Figure 1: Shortest time driving strategy (hypothetical example)

Source: IZT

Energy efficient driving strategies

Time tables usually include a recovery time added to the minimal running time to allow for short delays. This recovery time is normally between 5 and 12% of the minimal running time.

This time buffer allows to apply a driving strategy which saves energy in comparison with the shortest time driving strategy. There are several possible driving strategies:

• Reduced maximum speed: Train accelerates to a speed inferior to speed limit.
• Reduced acceleration rate: Train accelerates to maximum speed using less acceleration power.
• Coasting: Train shuts off traction as early as possible before station in order to reach station without braking.

These strategies are illustrated in Figure 2 for a simple service (constant speed limit between station 1 and 2). Of course any combination of these strategies can be used as well.

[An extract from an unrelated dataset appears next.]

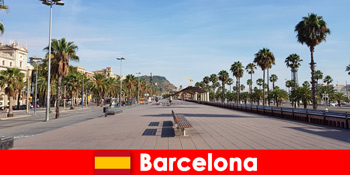 Di Barcelona Spanyol, wisatawan akan menemukan semua yang diinginkan hati mereka.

Each of these strategies increases running time. This does not pose any problem as long as time buffers provided by timetable are exploited.

Figure 2: Energy efficient driving strategies

Source: IZT

Realisation of energy efficient driving strategies

For a given timetable efficient driving strategies can be realised in two ways:

1. Instruction and training of drivers and/or use of special internal timetables indicating to the driver when to shut off traction or what maximum speed to use (cf. Energy efficient driving by low-tech measures).
2. Driving advice systems (cf. DAS for main line operation, DAS for suburban operation and DAS for freight operation)

Acceptance

One of the main tasks of train drivers is punctuality. Therefore any measure that could compromise punctuality is met with scepticism.

Actual energy efficiency potential primarily depends on time buffer (provided by timetable) and driving strategy chosen.

A simulation study made at the National Cheng Kung University in Taiwan compared the energy saving effect of different driving strategies (using the train characteristics of German ICE), namely:

1. Reduction of maximum speed, e.g. running the train with the maximum speed of 280 Km/h instead of 300 Km/h;
2. Reduction of maximum acceleration rate, e.g. running the train with 90% of the maximum acceleration when it is in the state of acceleration;
3. Coasting, e.g. starting the train to the coasting state at the place 50% earlier than its original initial place of deceleration;
4. Saw-tooth coasting, e.g. running the train in the coasting state during a speed range between 300 km/h and 275 km/h

Various stopping services of a main line service were considered. Among other the study yielded the following result:

• For the case of a train stopping at all stations, the effect of the acceleration reduction is smaller than that of reduced maximum speed: Strategy 1 leads to an energy consumption reduced by 11% for a running time increased by 3.9%. Strategy 2 (with 80% acceleration rate) saves 4.7% energy for an increase of running time of 3,5 %. For a train stopping at all stations strategy 1 therefore has a better cost/benefit ratio.
• For an express train stopping only at three stops, coasting (strategy 3) is better than reduced maximum speed as far as cost-benefit ratio is concerned.